乡愁又怎样在我们这一代(二十世纪六十年代)人的身上烙下抹不去的印迹的,又怎样成为我们在乡下的神的呢?我们首先欣赏一下贾平凹《带灯》中的乡干部们是怎样对待老访民的吧。樱镇的三个干事在领导让他们不论用什么方法,一定要把专门上访挑事的村民王后生告镇政府领导引进大工厂将会污染环境、贻害后代的材料和说出哪些摁了手印支持的人,第一个干事上去就打,打得王后生疼不过说了假话,却没达到目的;另一个干事用抠屁眼的方法,整得王后生受辱不过还是说了假话,仍没达到目的;最后一个干事最绝:他利用王后生上厕所的机会,把一条狗踢进厕所,惊吓得王后生弄了一屁股屎尿,却不让他出来,要他在厕所里说,王后生不说,这干事就用水管冲,把王后生冲到墙角缩做一团,到墙要冲塌了时,王后生感到危及性命时才终于说了实话。我在农村生活了十几年,农民摸屁股、抠屁眼的整人是最辣手的把戏,但把人弄在厕所里让屎尿臭着再用水冲简直就是创新。因此,我觉得在贾平凹面前,农民(至少是贾平凹熟悉的关中、秦岭的农民)是透明而且没有隐私的。因为贾平凹比农民还了解农民。又如这部小说中,带灯给部下竹子说,耍朋友可以不要那个,竹子说没有。带灯说看看你的眉毛都散开了。竹子就脸红了。这个典故在我的故乡就是一个传说。但贾平凹写在书里,成为人物的对话,就活脱脱地展示人物的内心世界,真是高明和独具匠心。

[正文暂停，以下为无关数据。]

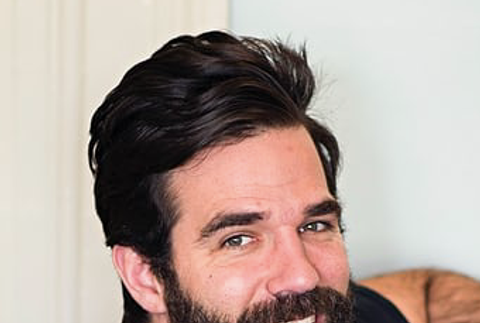Rob Delaney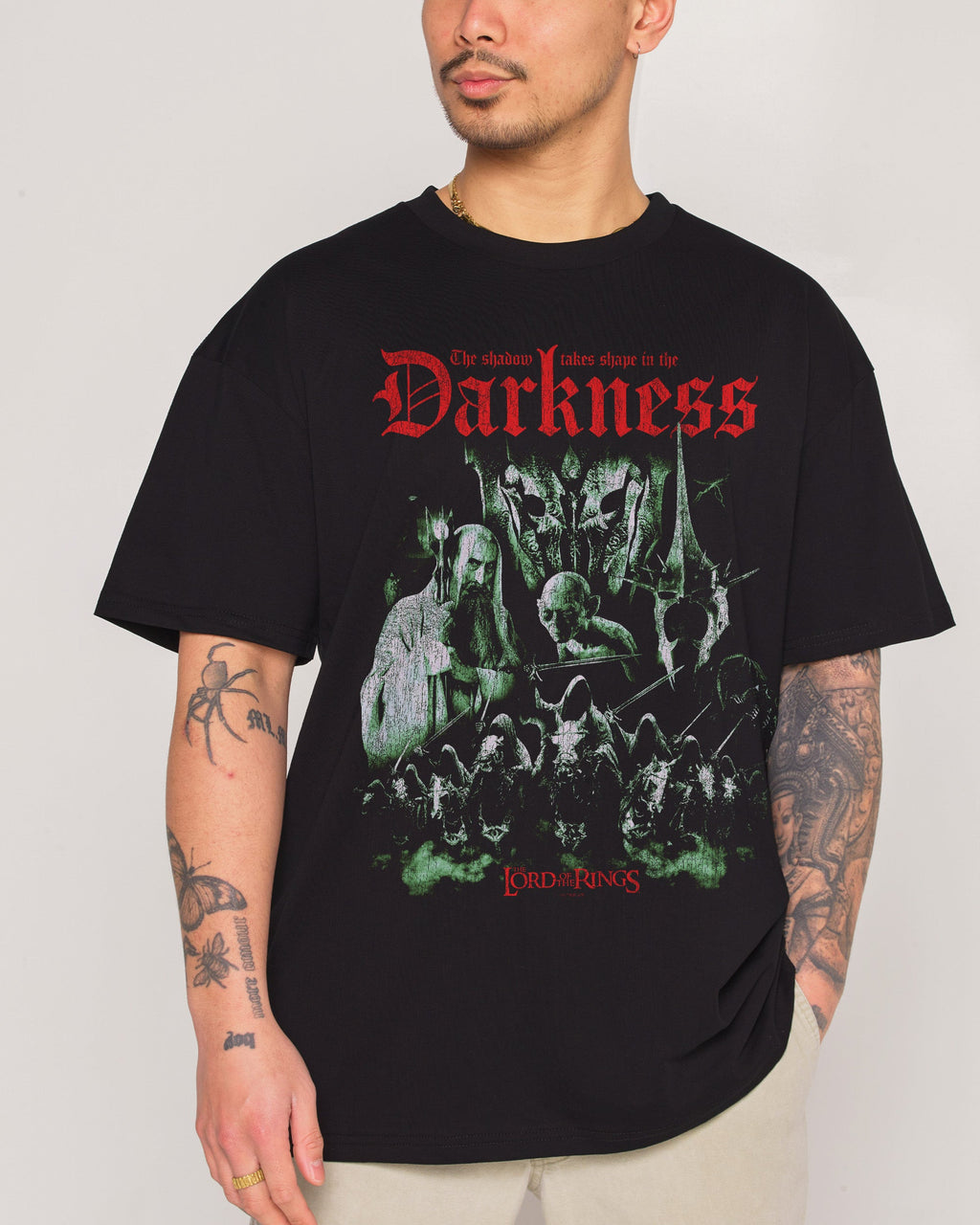 Darkness T-Shirt product image 2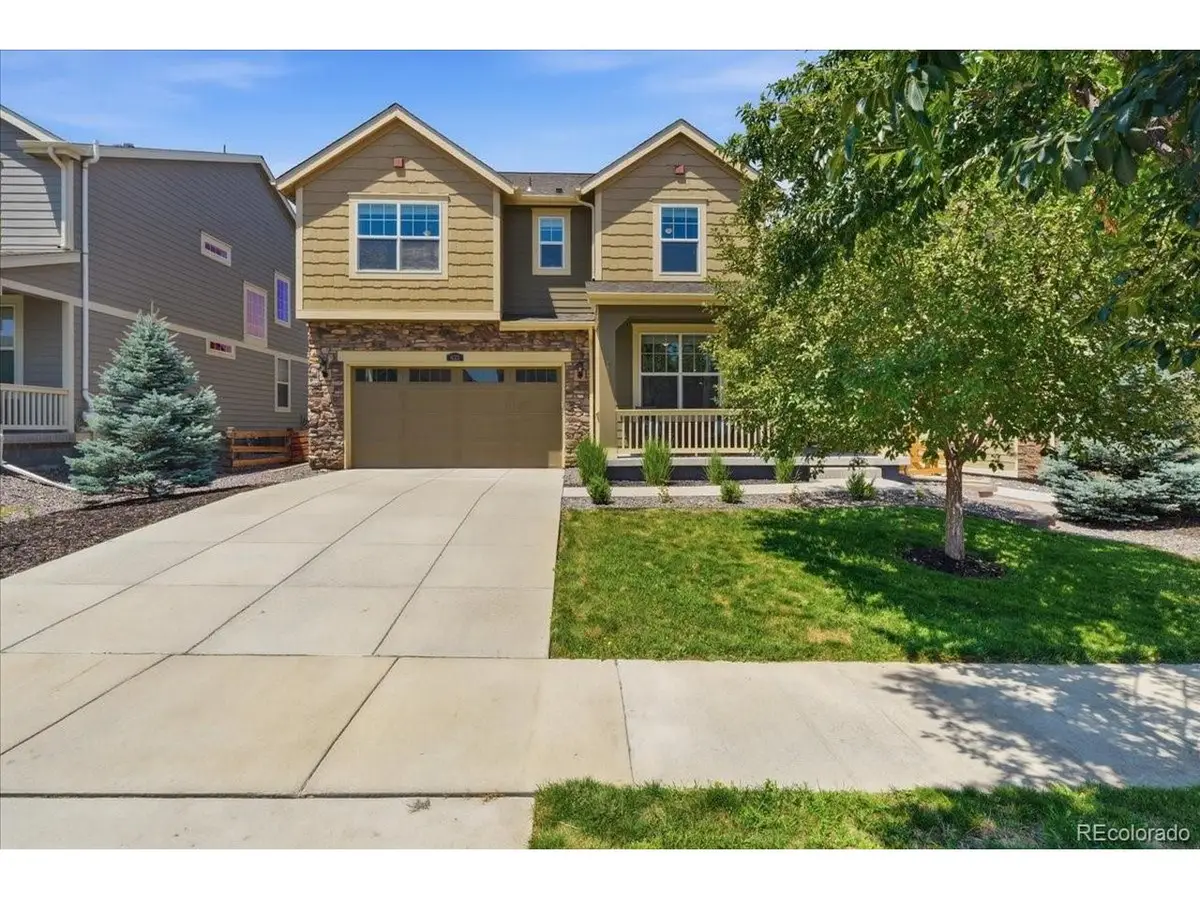 633 Sundance Cir, Erie, CO 80516 - #1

我们都知道农民吝啬,世界上描写刻画吝啬鬼的大师也不乏其人、不乏其事,但贾平凹对农民的刻画却别有新意。如《带灯》中,一农民获得了一条别人捐赠的西裤,只穿一面怕费布,就把开口的一面穿到屁股后面,到乡政府来办事时就屁股靠墙站着。关于穿西裤的故事,我曾在一部书中看到:当年红军打土豪时,给农民分了一条西裤,却以为开口的一面该穿在后面方便啦屎。那是农民无知。有人说,没吃过猪肉还没见过猪跑?但我以为这世界还真有既没吃过猪肉也没见过猪跑的人。而贾平凹小说里的农民是既吃过猪肉也见过猪跑的人,却要把西裤开口的一面穿在屁股上,是吝啬的本性使然。

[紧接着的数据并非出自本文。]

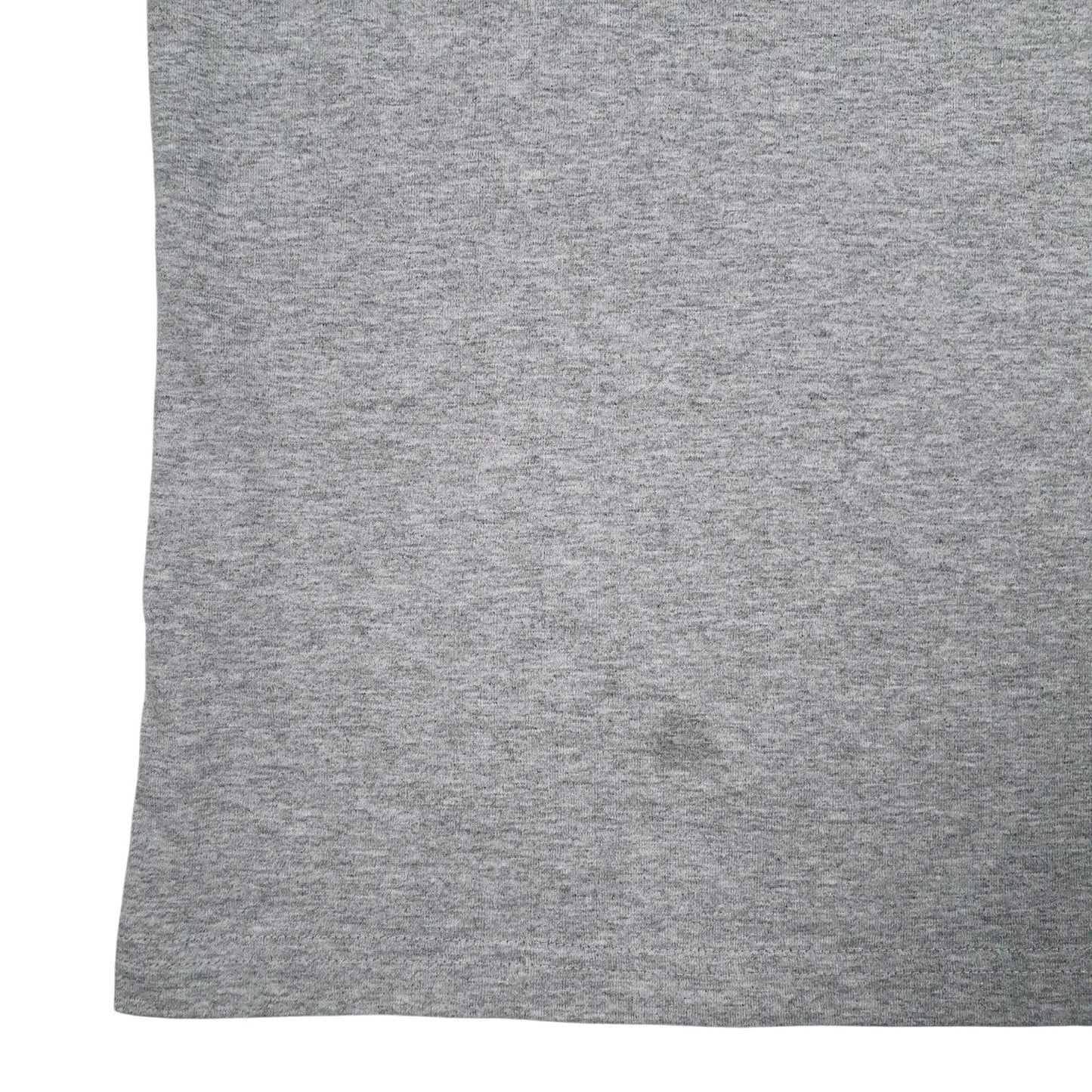 Mens Grey Americanino Spellout  T Shirt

《带灯》这部小说刻画人物独具一格。如主人翁带灯,她是一个乡镇干部,不但具有城里人的情趣,还具有乡民的性格。她情感丰富、个性鲜明,敢爱敢恨,尤其对老实、贫困的村民极富同情心。她是身在乡村烦恼世界,心却有一片洁净的土地。元天亮这个从樱镇出去的大干部这个人和他写的故乡乡愁散文的文,是带灯的精神导师。贾平凹用女主人带灯给元天亮写信的方式,其实就是在倾述乡愁,乡愁链接了整部小说。因此,这部小说中最具文采、最抒情、最能代表贾平凹散文风骨的是带灯写给元天亮的信。这些信不拘一格、汪洋恣肆、情文并茂,让乡愁汨汨流淌。是这部小说最优美最具特色的部分,这样下里巴人和阳春白雪地对照写法,比较强烈地增添了小说的艺术感染力。而这个自命为“萤火虫”的美丽、善良女人,给我的感觉就是“月黑见渔灯,孤光一点萤”的这条乡愁的河流里微风簇浪满河闪烁的星辉,是我的乡愁在乡下里的神。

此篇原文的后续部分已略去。